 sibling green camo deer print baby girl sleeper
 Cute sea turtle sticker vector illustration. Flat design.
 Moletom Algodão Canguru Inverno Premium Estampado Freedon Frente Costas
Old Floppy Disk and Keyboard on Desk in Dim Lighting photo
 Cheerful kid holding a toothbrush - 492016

==

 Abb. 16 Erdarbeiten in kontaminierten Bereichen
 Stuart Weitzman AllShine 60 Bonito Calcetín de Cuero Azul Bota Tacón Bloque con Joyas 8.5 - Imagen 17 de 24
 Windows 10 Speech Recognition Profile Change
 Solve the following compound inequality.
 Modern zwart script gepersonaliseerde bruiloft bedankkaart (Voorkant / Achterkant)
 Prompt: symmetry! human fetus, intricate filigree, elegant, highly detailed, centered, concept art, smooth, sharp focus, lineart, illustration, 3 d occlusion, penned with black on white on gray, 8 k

Work required: Among the records above, only the lines between the line holding "sibling green camo" and the line holding "Cheerful kid holding a toothbrush - 492016", inclusive, are to be output, exactly as written.

Answer box:
 sibling green camo deer print baby girl sleeper
 Cute sea turtle sticker vector illustration. Flat design.
 Moletom Algodão Canguru Inverno Premium Estampado Freedon Frente Costas
Old Floppy Disk and Keyboard on Desk in Dim Lighting photo
 Cheerful kid holding a toothbrush - 492016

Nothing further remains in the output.